It can be seen from the injection pressure difference curves between the two schemes of glutenite (Figure 7) that the curves of the SCV and EVR schemes in the water flooding stage remain basically the same, indicating that the seepage capacity of the solution does not change, and the oil production degree remains unchanged. When entering the SP binary flooding stage, for the SCV scheme, the injection pressure difference shows a continuous upward trend due to the formation of a high resistance area on the dominant seepage channel by the large molecular weight polymer. For the EVR scheme, because the concentration and viscosity of the binary solution in the high molecular weight and high concentration stage are higher than that of the SCV scheme when the binary system enters the microscopic pore space, it will form a higher resistance area in the large pore throats on the mainstream line of water flooding. Therefore, the injection pressure difference is higher than that of the SCV scheme and shows a gradual increase. When the molecular weight and viscosity are reduced, the low molecular weight and low concentration binary system can not only flow in large pore throats but can also enter into smaller pore spaces through the reconstruction of the pressure field and the redistribution of seepage paths of chemical micelles with different sizes, and the injection pressure difference is gradually reduced. Due to the weak anisotropy and better pore throat connectivity of glutenite, the SP binary solution of low molecular weight and low concentration that enters the small–medium pore throats has less capillary force to overcome, resulting in a smaller injection pressure difference than the SCV scheme at this stage, unlike the variation characteristics of the fine conglomerate. It is fundamentally determined by the microscopic pore structure of the reservoir.

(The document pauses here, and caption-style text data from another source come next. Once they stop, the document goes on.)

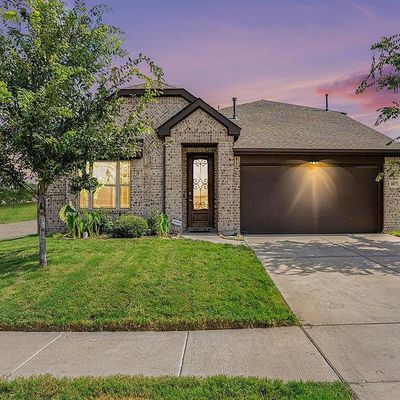 1077 Kingbird Ln, Alvarado, TX 76009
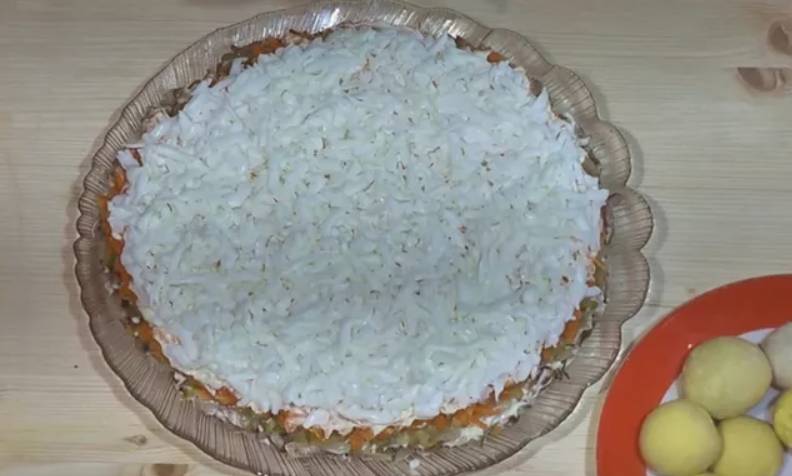 Салат из куриной печени с соленым огурцом, морковью и обжаренным луком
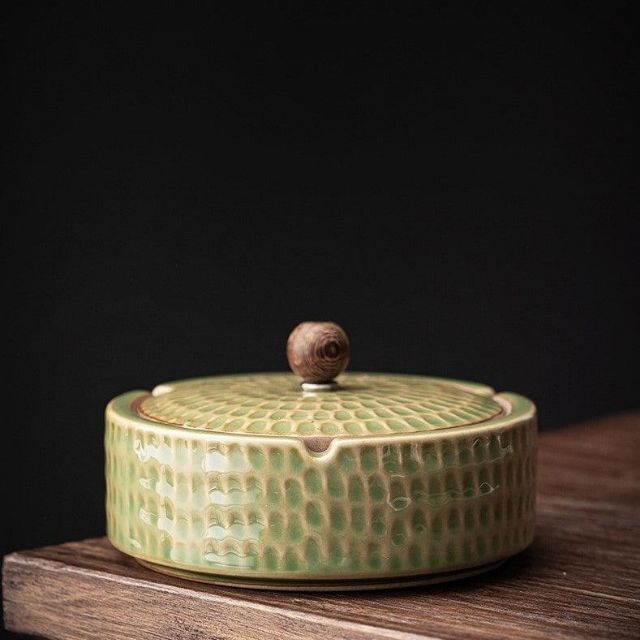 Vintage inspirert askebeger i håndlaget keramikk med lokk. Funksjonelt og vakkert design.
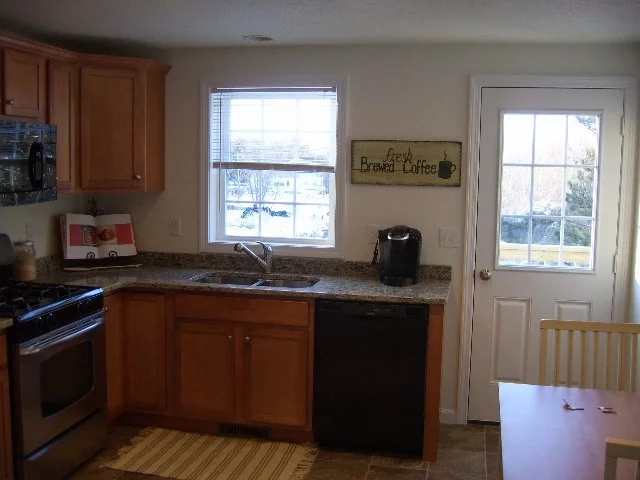 2 bed, 1 bath apartment for rent at 5 Bufton Farm Rd Unit 7, Clinton — photo 4 of 25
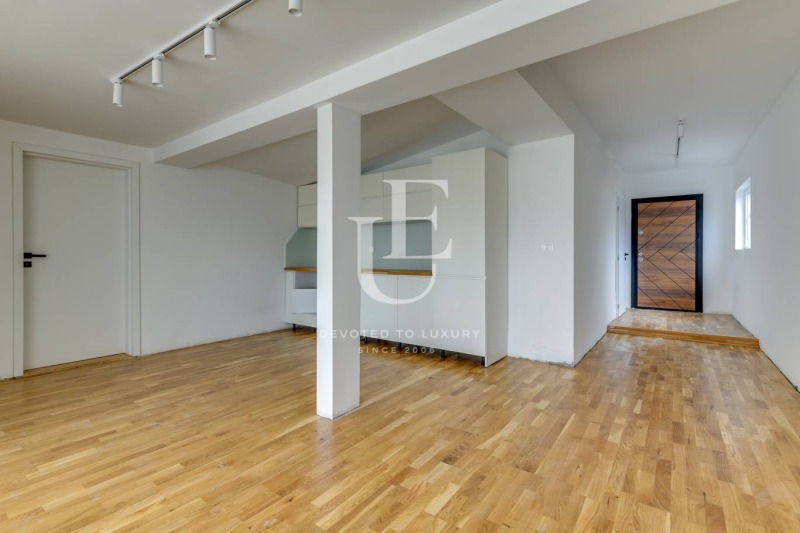 Na prodej  2 ložnice Sofia , Centar , 92 m2 | 62634102 - obraz [2]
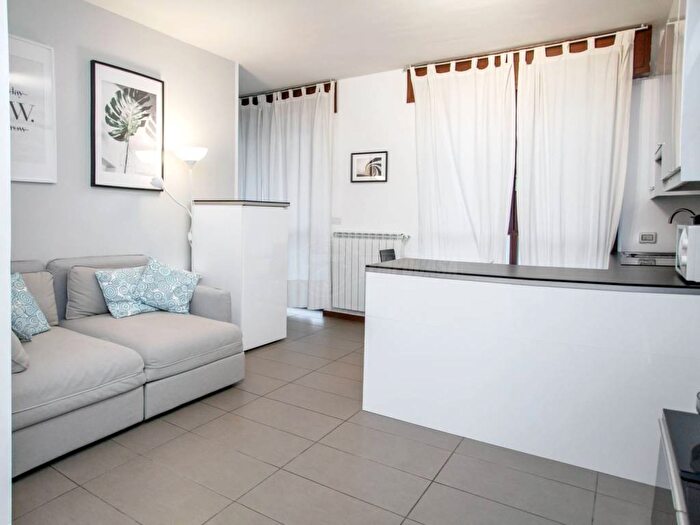 Appartamento bilocale in affitto in Via legnone, Dergano, Milano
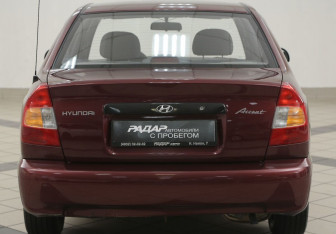 Подержанный автомобиль Hyundai Accent Sedan 2008 года (3 фото)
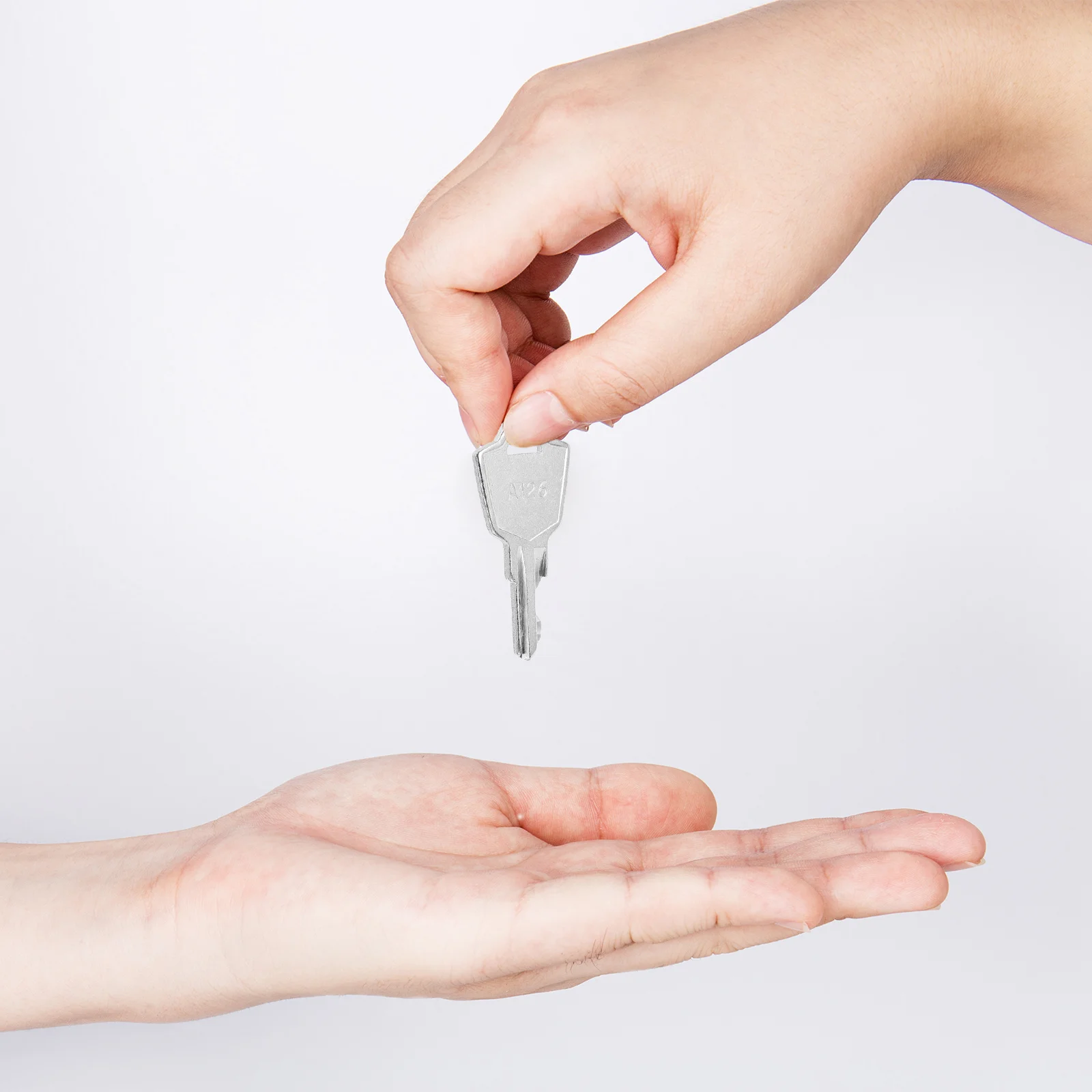 Zestaw 6 kluczy do blokady paneli elektrycznych, przełączników selektorowych, paneli sterowania bezpieczeństwa i przełączników elektrycznych.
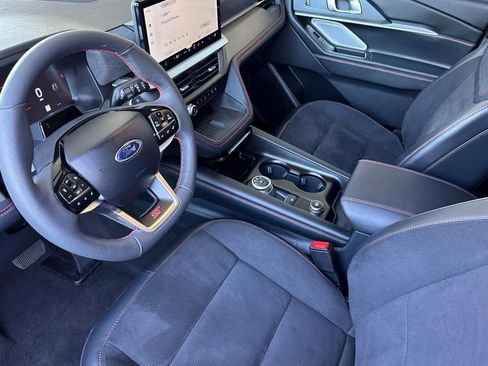 Used 2025 Ford Explorer ST w/ Sun And Sound Package AWD/4WD image 4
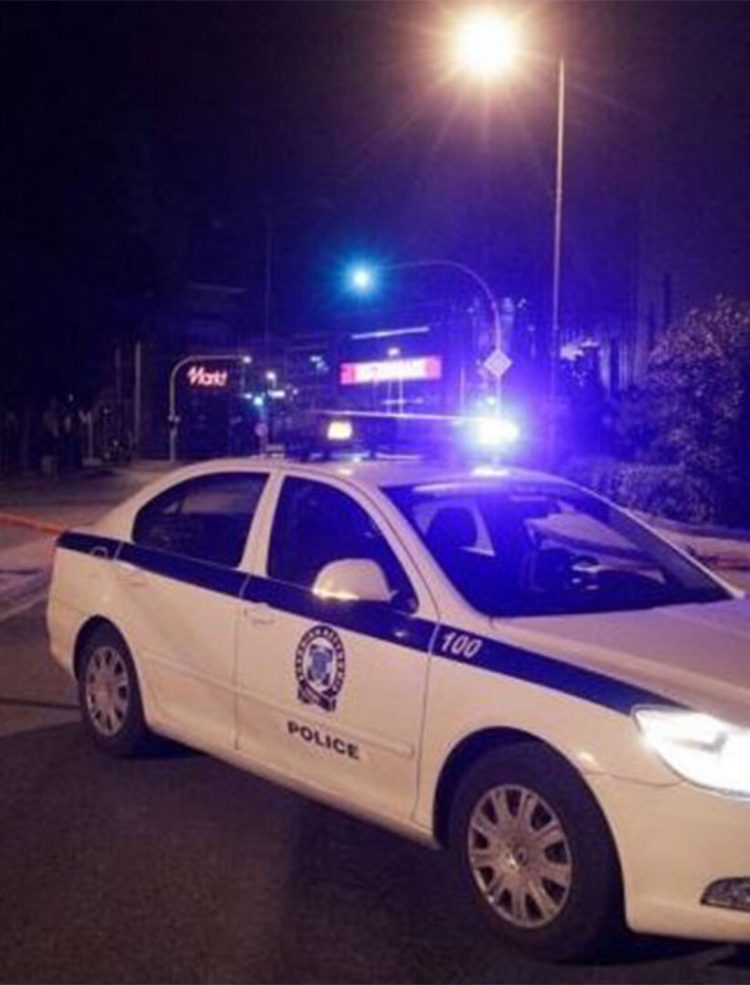 Σφοδρή σύγκρουση δύο Ι.Χ. στο κέντρο του Βόλου – Εικόνες καταστροφής στο σημείο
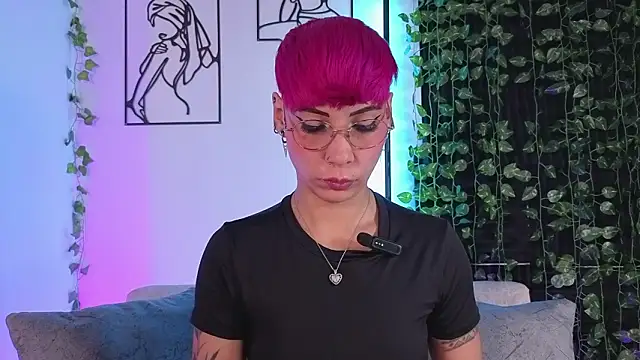 MiaMorgan  online show from February 13, 2026, 2:50 pm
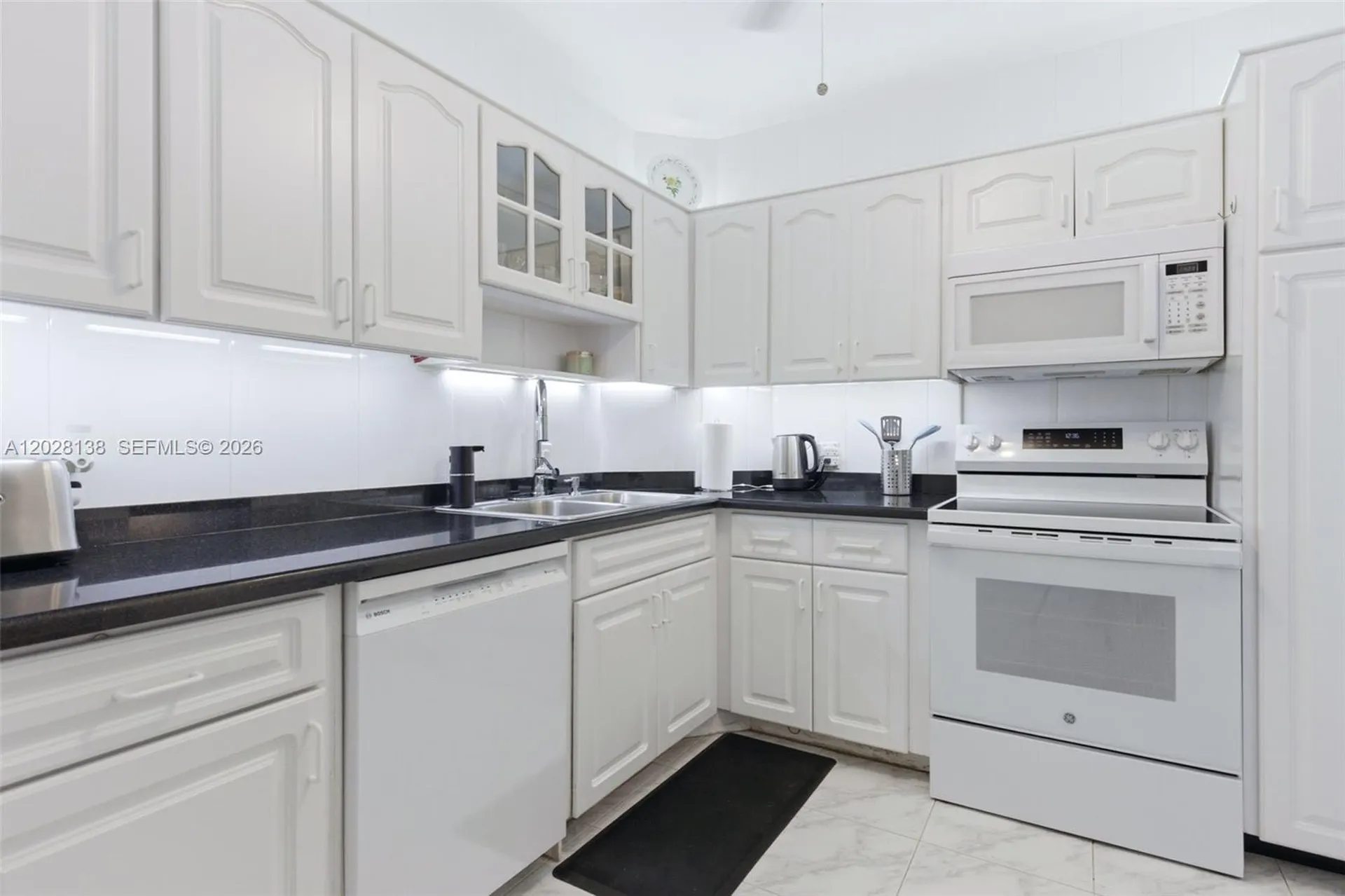 4330 Hillcrest Drive Hollywood FL 33021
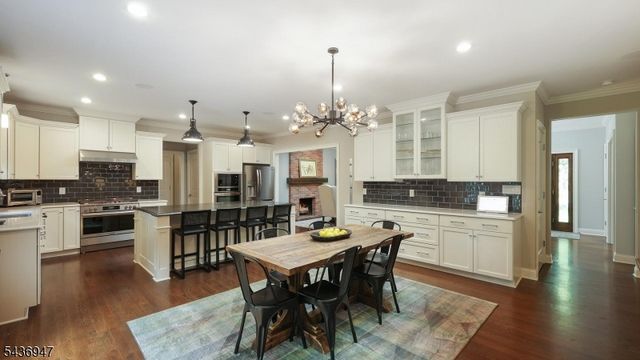 1916 Parkwood Dr, Scotch Plains Twp., NJ 07076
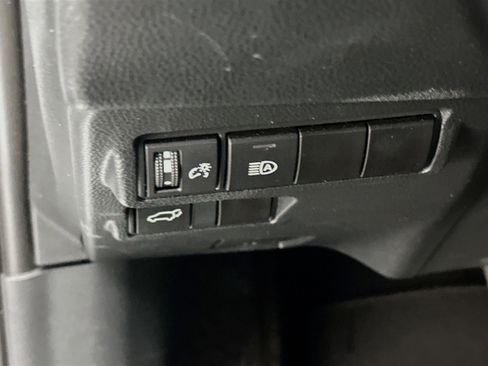 Used 2024 Toyota Corolla Cross XLE w/ Convenience Package image 17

4.3. Step-Wise Oil Production Rule of Sandstone

The production characteristic curves of the initial water flooding stage of the sandstone are the same as the other two types of lithologies (Figure 8), and the oil recovery rate of water flooding and water content curves have basically the same shape with small differences in values. The sandstone has the weakest anisotropy and better pore throat connectivity than fine conglomerate and glutenite, resulting in the largest sweep volume of injected water among the three types of lithologies. Its average oil recovery rate of water flooding reaches 41.83%, which is 11.92% and 4.43% higher than that of fine conglomerate and glutenite, respectively, indicating that reservoir anisotropy has a relatively large impact on the water flooding development effect of conglomerate reservoirs. After the end of water flooding, the cores were displaced by two chemical displacement schemes separately. From the production characteristic curves, it can be seen that the SCV scheme can effectively increase the oil production degree, the oil recovery rate curve shows a linear increasing trend with the continuous injection of the SP system, and the water content shows a decreasing trend. By the end of the SP binary flooding, the oil recovery rate reached 58.12%, which was 16.29% higher compared to the water flooding. Compared with the fine conglomerate and glutenite, the chemical oil recovery rates are reduced by 2.43% and 10.83%, respectively. On the one hand, due to the relatively high water flooding oil recovery rate of the sandstone reservoir, the magnitude of chemical flooding to enhance the recovery rate is limited; on the other hand, it indicates that the SCV scheme is not well-matched with the pore structure of the sandstone reservoir.
Compared with SCV scheme, the overall development effect of the EVR scheme is better. By the end of the binary flooding, the oil recovery rate reached 64.81%, which was 22.98% higher compared with the water flooding, and 6.69% higher compared with the SCV scheme. The water content is also lower overall than that of the SCV scheme, with a decrease of 7.39%, indicating that the EVR scheme has a better water control effect. In addition, there are also differences in the development effects of the two displacement stages of the EVR scheme. During the high-viscosity stage, the degree of oil recovery increases to a relatively small extent and the water content shows a decreasing trend. When the molecular weight and viscosity are reduced, the reconstruction of the pressure field stabilizes the seepage paths of the binary solution, the water content remains unchanged, and the binary system with low molecular weight and low concentration enters more into the smaller pore space, expanding the sweep volume of small pore throats; as such, the oil recovery rate shows a substantial increase. The water content first decreases and then gradually increases, and finally remains stable, and the development effect becomes more effective (Figure 8).
The injection pressure difference curve in the water flooding stage of sandstone is similar to the other two types of lithologies (Figure 9), and the curves of the SCV and EVR schemes remain basically the same, indicating that the seepage capacity of the solution and the oil production degree remain unchanged. When entering the SP binary flooding stage, for the SCV scheme, the injection pressure difference shows a continuous upward trend due to the formation of a high resistance area on the dominant seepage channel by the large molecular weight polymer. For the EVR scheme, since the concentration and viscosity of the binary solution in the high-viscosity stage are higher than that of the SCV scheme, it will form a higher resistance area in the large pore throats on the mainstream line of water flooding when the binary system enters the microscopic pore space. As a result, the EVR scheme has a higher injection pressure difference and shows a small upward trend. When the molecular weight and viscosity are reduced, the low-viscosity agent can not only flow in large pore throats, but also enter into smaller pore spaces by the reconstruction of the pressure field and the redistribution of seepage paths. Since the anisotropy of sandstone is the weakest among the three types of lithologies, the pore throat connectivity is better than the other two types of lithologies, and the low-viscosity SP binary solution has the least capillary force to overcome to enter the small–medium pore throats with the lowest seepage resistance. Therefore, the injection pressure difference at this stage is lower than that of the SCV scheme and shows a substantial decrease in variation.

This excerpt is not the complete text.